◆ Task material ◆
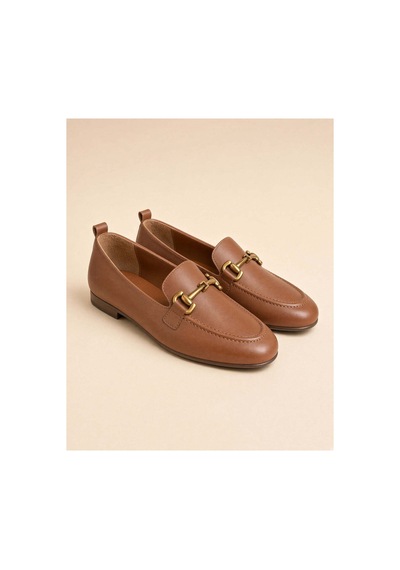 37brandshoes Metal Detaylı Taba Deri Loafer Bej Bej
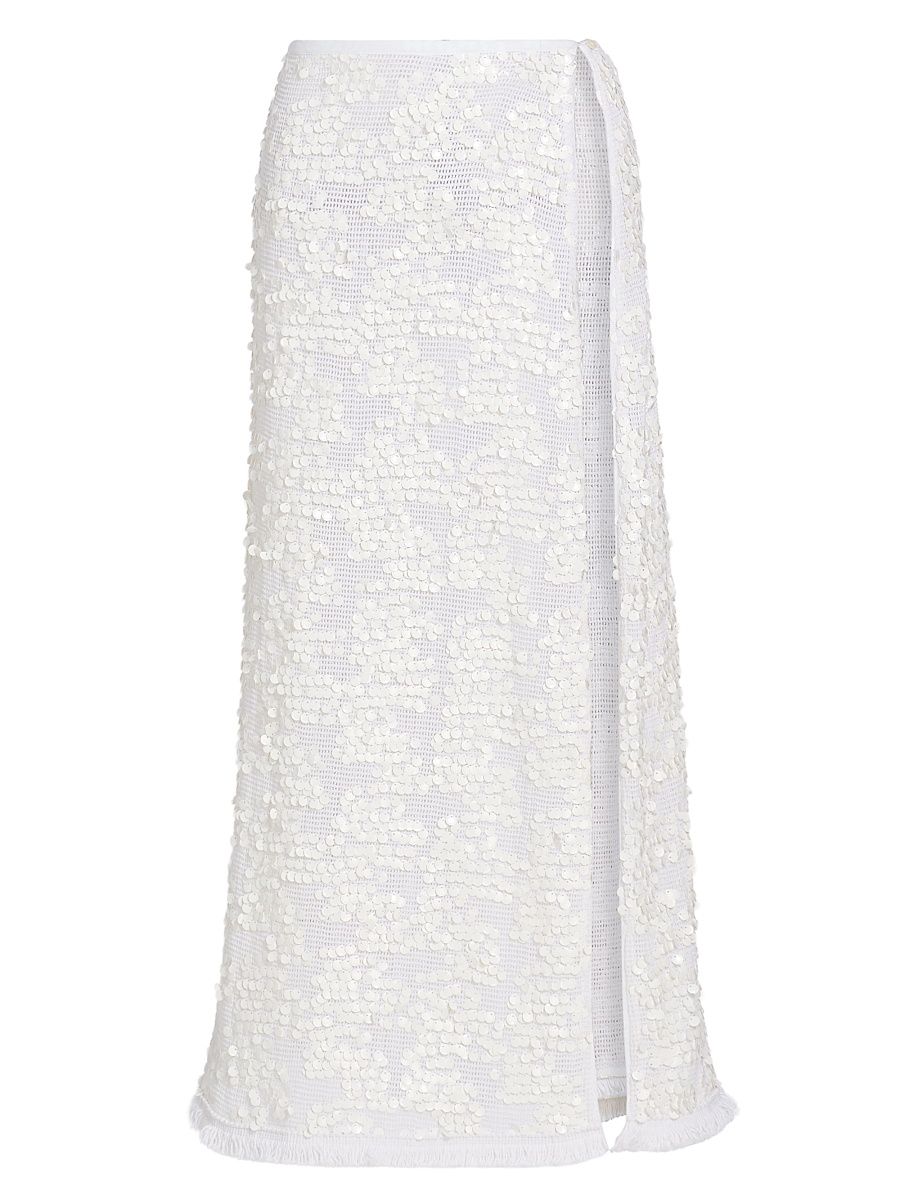 Women's Lucille Sequin-Embellished Cotton Cover-Up Maxi Skirt - White Paillette - Size XL
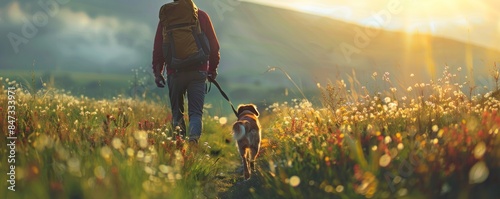 Man and dog walking in scenic mountains at sunrise, peaceful nature, adventure, and companionship.
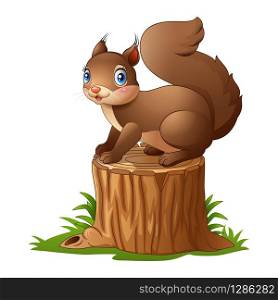 Cute squirrel cartoon standing on tree stump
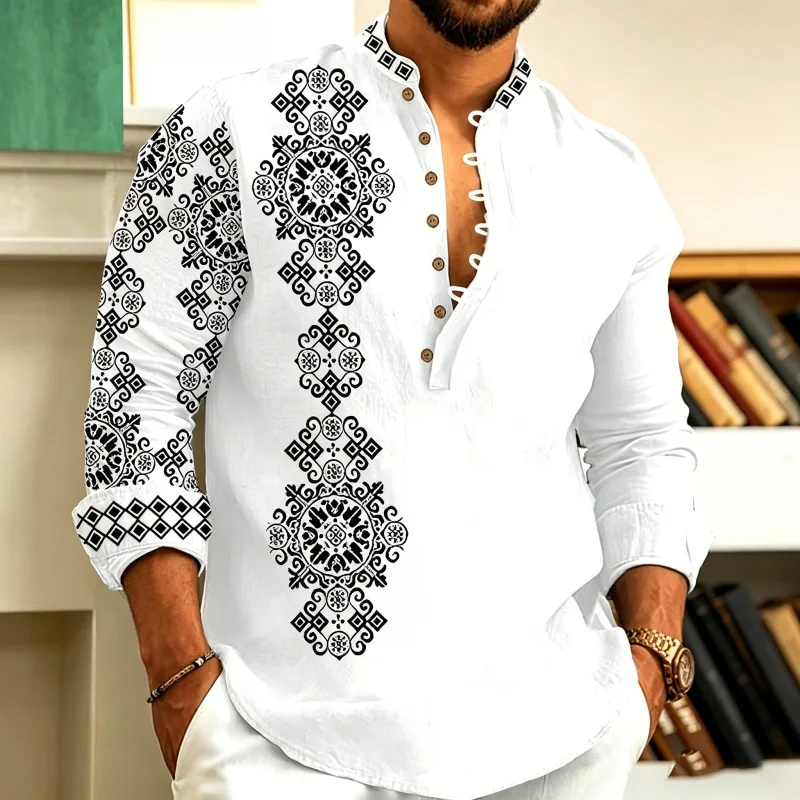 2026 New Men's Shirt Henry Shirt Bohemian Style Printed Breathable Casual Long Sleeved Stand Up Collar Men's Top XS-6XL Size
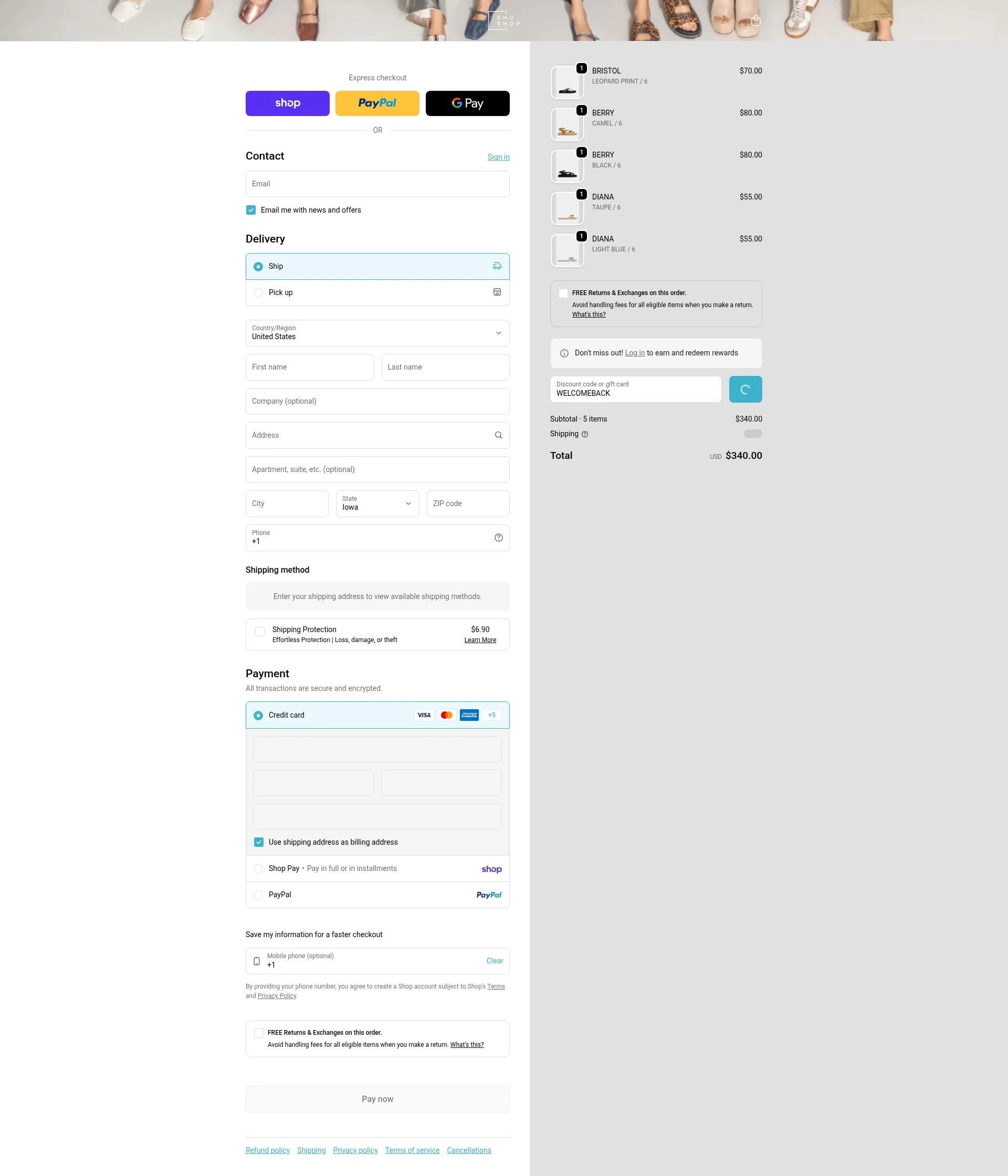 SHUSHOP checkout page showing SHUSHOP discount code box | Screenshot taken by SimplyCodes community member on Feb 6, 2026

◆ Work task ◆
Repeat exactly and only the lines from the start of the data above through the line that holds "2026 New Men's", inclusive. Pictures do not belong in the copy.

◆ Response to the task ◆
 37brandshoes Metal Detaylı Taba Deri Loafer Bej Bej
 Women's Lucille Sequin-Embellished Cotton Cover-Up Maxi Skirt - White Paillette - Size XL
 Man and dog walking in scenic mountains at sunrise, peaceful nature, adventure, and companionship.
 Cute squirrel cartoon standing on tree stump
 2026 New Men's Shirt Henry Shirt Bohemian Style Printed Breathable Casual Long Sleeved Stand Up Collar Men's Top XS-6XL Size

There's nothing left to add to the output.